11/12/2025
In the past two days, I have been asked by two different customers about the 50 year mortgage proposal floated by the administration. So without going into the politics, let just look at the facts and math of a 50 year fixed mortgage.
For historical context, a 40 year mortgage was previously tried. There was even a 40 year mortgage, where the first 10 years was interest-only. This meant that after 10 years, the principal balance was the same but then you had the payments increase to include the principal for another 30 years. Needless to say, neither or these options were widely used and did not catch on.

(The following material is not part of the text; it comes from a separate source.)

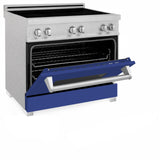 ZLINE 36" 4.6 cu. ft. Induction Range in DuraSnow with a 4 Element Stove and Electric Oven (RAINDS-36) [Color: Blue Gloss]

Here is what the math looks like for a 50 year mortgage: If you were to take out a $300,000 mortgage today at a 6.25% interest rate, the principal and interest portion of the payment would be $1847.15 (this does not include escrows for taxes, homeowner's insurance, or mortgage insurance). If you were also able to take out a 50 year mortgage at the same interest rate as the 30 year, the payment would go down to $1634.92, which is only about $212.23 less per month. However, on the 30 year fixed if you just make the minimum payments over the life of the loan, the total amount of interest charged would be $364,975, but on the 50 year it would be $680,952, almost double the amount of interest. You would also be much slower to increase the equity in the home because that $212.23 difference is going straight towards principal. Also, keep in mind the interest rate for a 50 year term would more than likely be higher than a 30 year, which makes the monthly payment savings lower, and the lifetime difference in interest higher.

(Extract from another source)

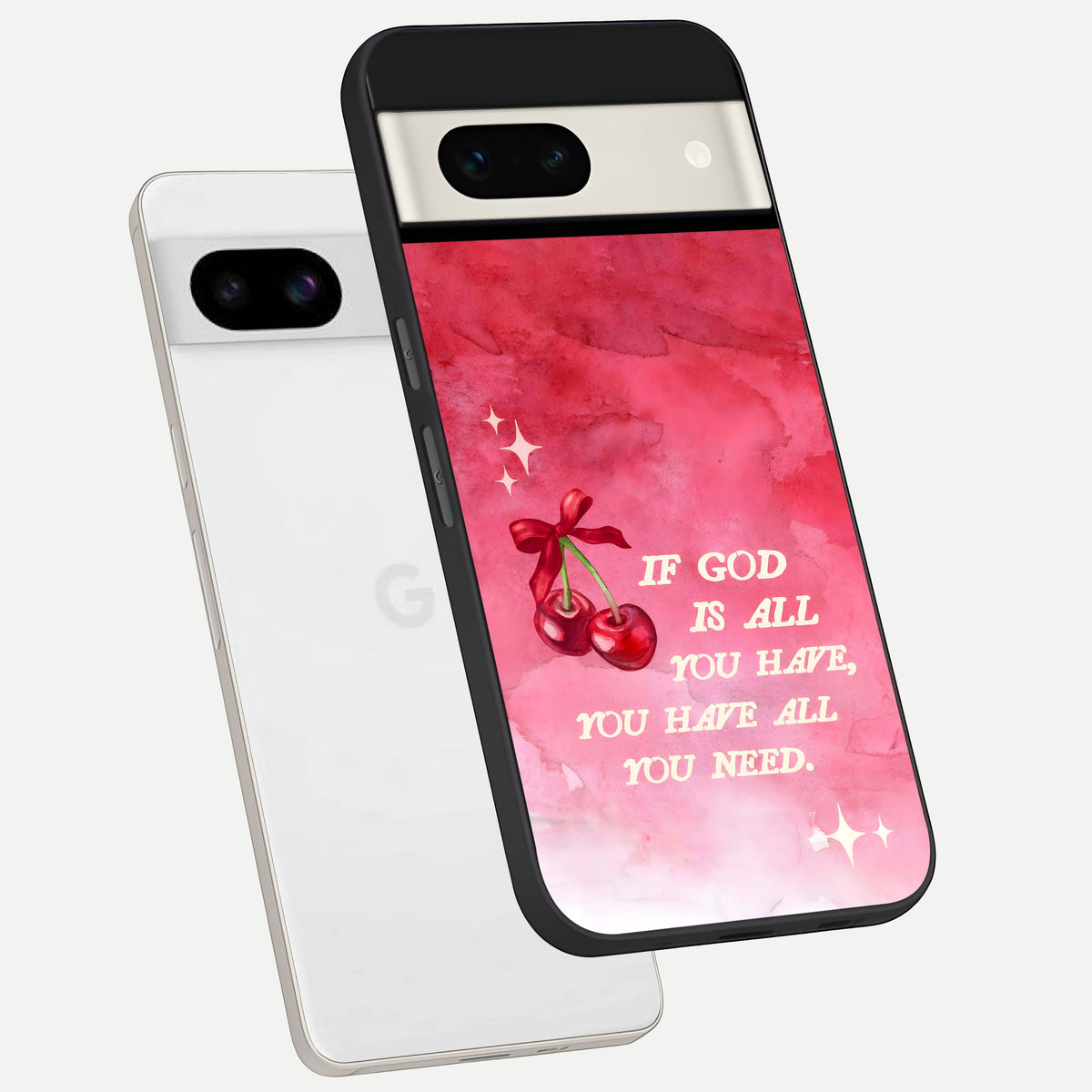  Cherry Quote phone case For Google Pixel 7A showing premium glass back cover with detailed artwork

The reason that this 50 year mortgage was floated was because there is an issue with home affordability at this time, caused by inflation, rising prices, and higher interest rates. Since the 2008 recession, new home construction has not meet the needs of our increasing population. This is a situation of the supply is not meeting the demand. Economics 101 teaches you that if you have scarcity of supply and higher demand, prices will rise. If payments were lowered by offering a longer term, or by lowering interest rates, it would further increase the demand side of the equation as more people would become eligible to purchase, but not help the supply side. There needs to be supply-side solutions to housing affordability, which is a post for another time. For now, a 50 year fixed option is not the right solution for housing affordability.